A vulnerability in Diebold Nixdorf Vynamic Security Suite (VSS) versions through 4.3.0 SR06 allows for unauthorized code execution by deleting critical system files before the filesystem is fully mounted. This is achieved by exploiting a delete command in the mountfs initialization script to remove the fstab file, which can lead to execution of malicious code.

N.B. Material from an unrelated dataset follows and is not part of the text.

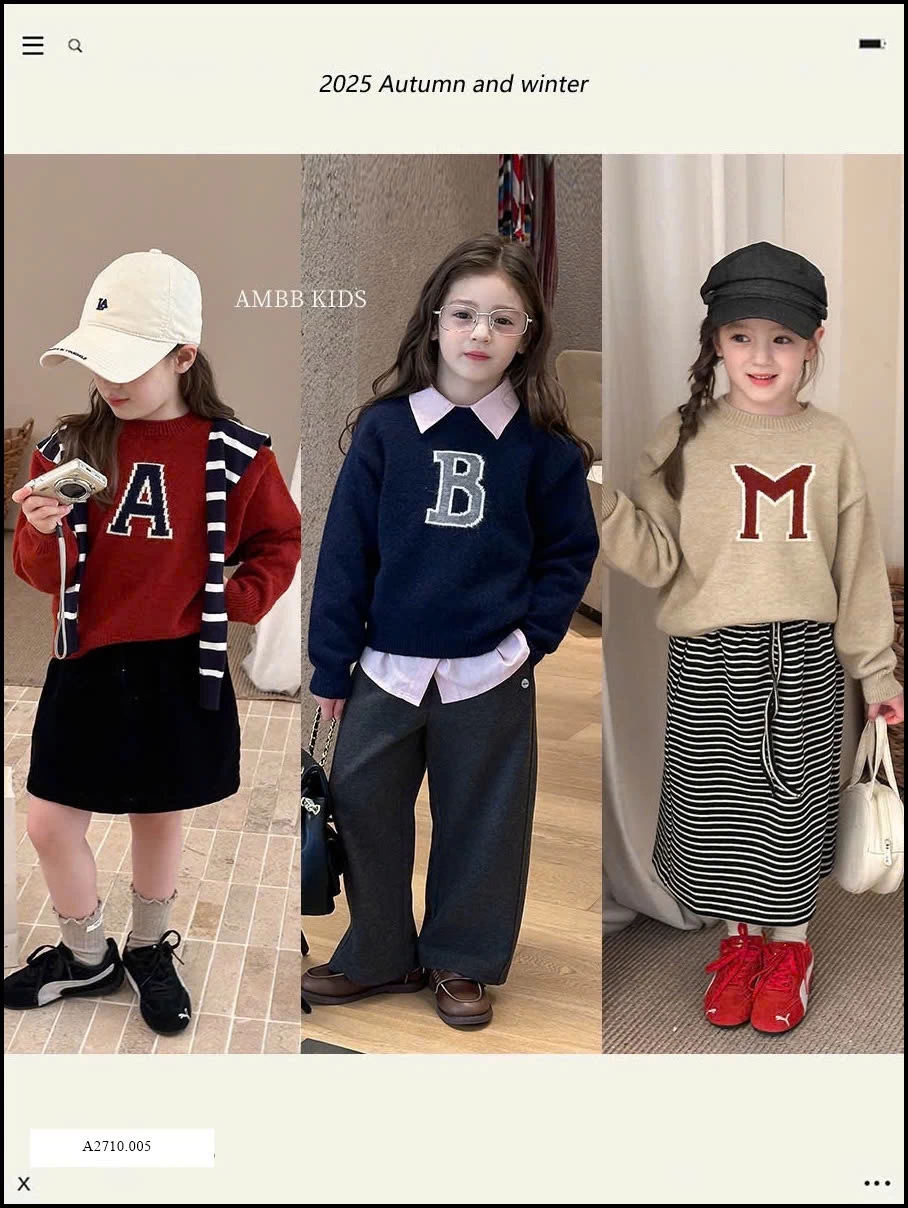 ÁOO LEN CHỮ AMBBKIDS Giá sỉ 90-150: 145k      160: 155k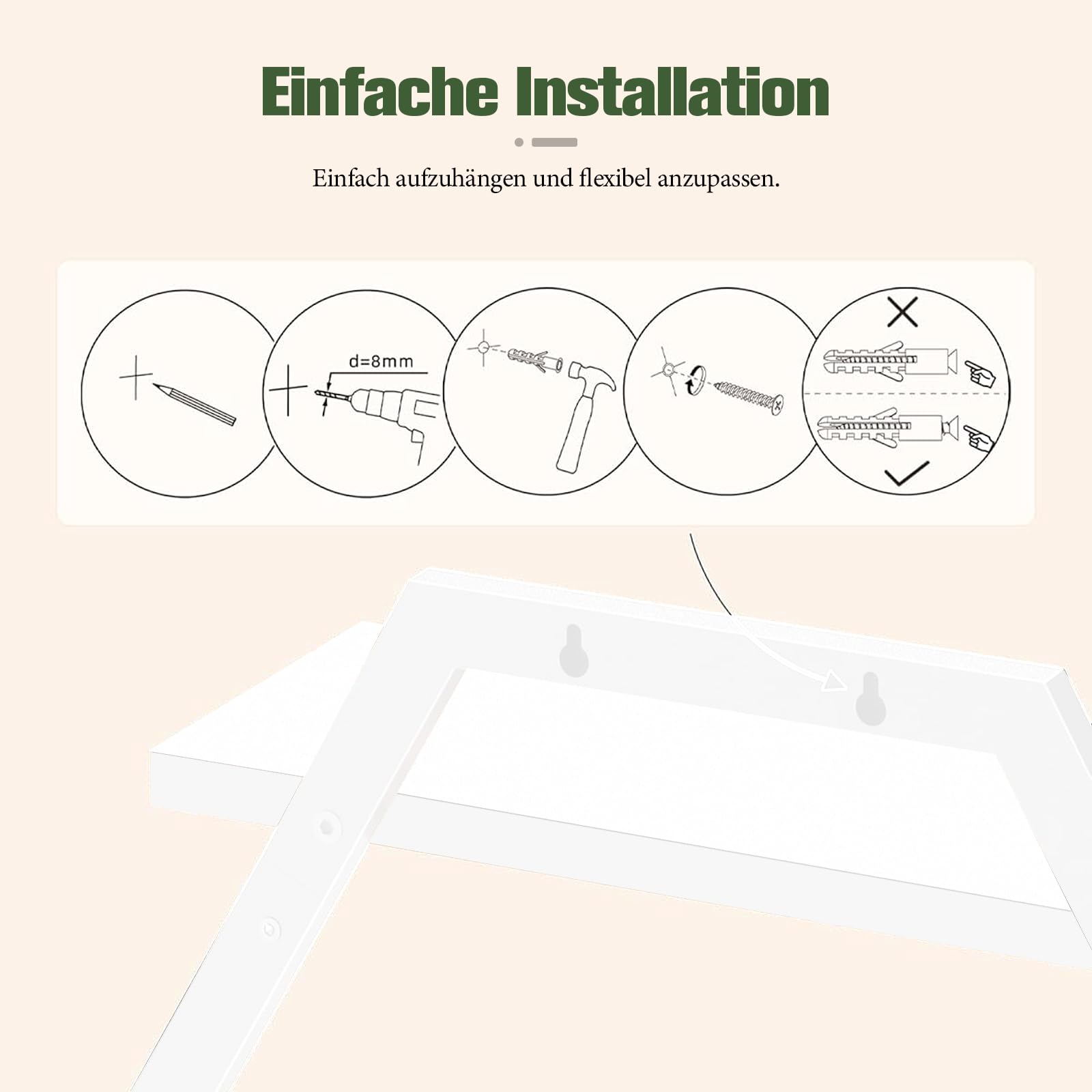 2er-Set Wandregal Holz und Metall,Schweberegal,Regalbrett,Dekorativ Regale für Wände,Hängeregale für Wohnzimmer,Schlafzimmer,Küche,Büro (Weiß)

In some versions, this vulnerability also facilitates the recovery of TPM Disk Encryption keys, allowing decryption of the Windows system partition.

Impact

Exploitation of this vulnerability enables unauthorized code execution and, in certain versions, access to TPM Disk Encryption keys for decrypting the Windows system partition.

Reproduction

The vulnerability can be reproduced by removing the default file system watermarks in VSS 3.3.0 SR16, which allows the deletion of the /etc/fstab file. This can be done by exploiting the /etc/rc.d/init.d/mountfs' script, which contains commands to remove filesystem watermarks. Once the fstab file is deleted, access to protected directories can be gained, and the otherwise inaccessible content can be extracted, such as the 'bootlog' from the 'var' directory, which provides insights into the system's operations.